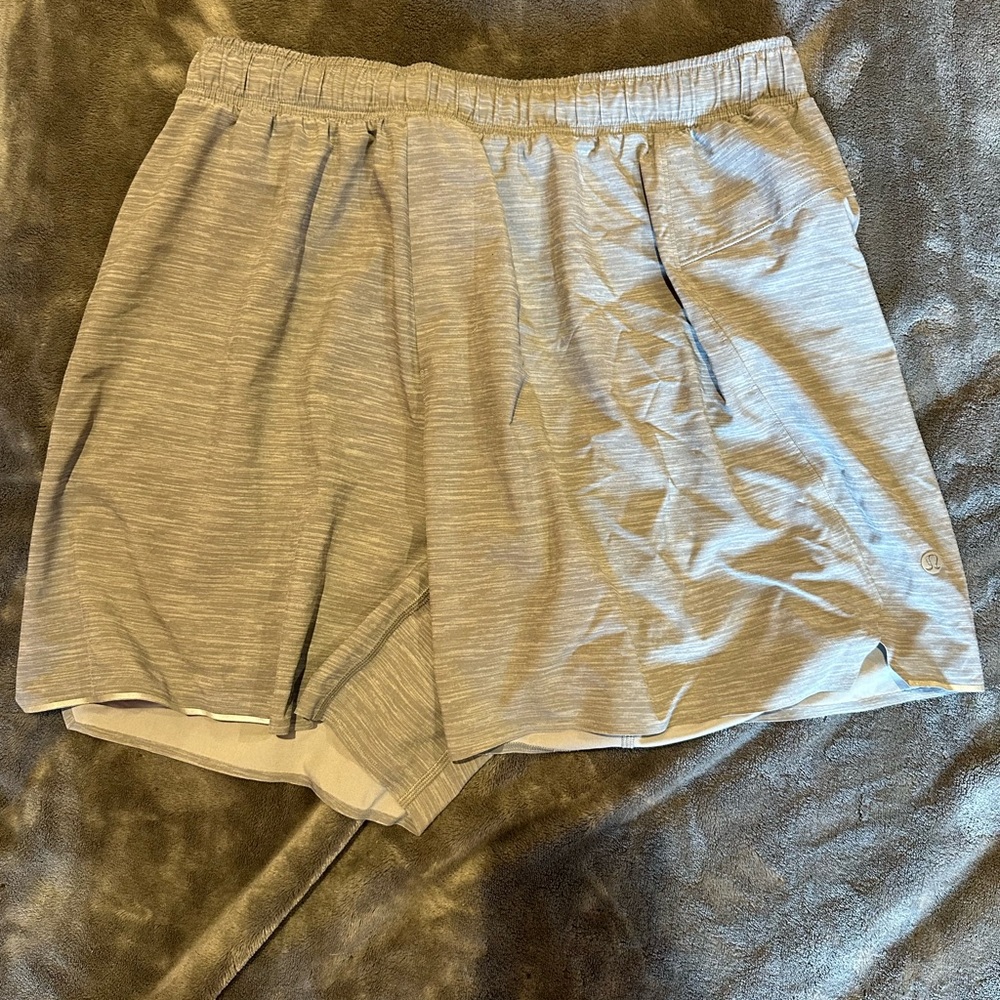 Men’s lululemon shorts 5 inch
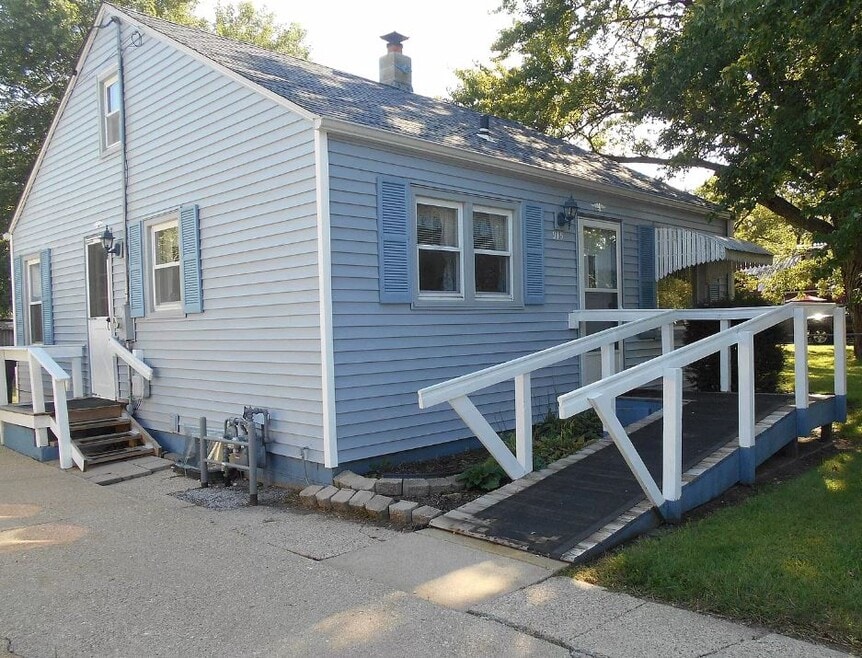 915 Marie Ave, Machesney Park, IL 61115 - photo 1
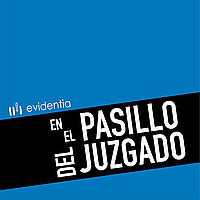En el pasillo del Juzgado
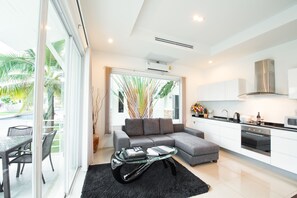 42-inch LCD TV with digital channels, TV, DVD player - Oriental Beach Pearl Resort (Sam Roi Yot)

=-=-=-=-=

◆ What needs to be done ◆
Repeat, exactly and in full, all the material above except its pictures.

◆ Solution to this task ◆
 Men’s lululemon shorts 5 inch
 915 Marie Ave, Machesney Park, IL 61115 - photo 1
En el pasillo del Juzgado
 42-inch LCD TV with digital channels, TV, DVD player - Oriental Beach Pearl Resort (Sam Roi Yot)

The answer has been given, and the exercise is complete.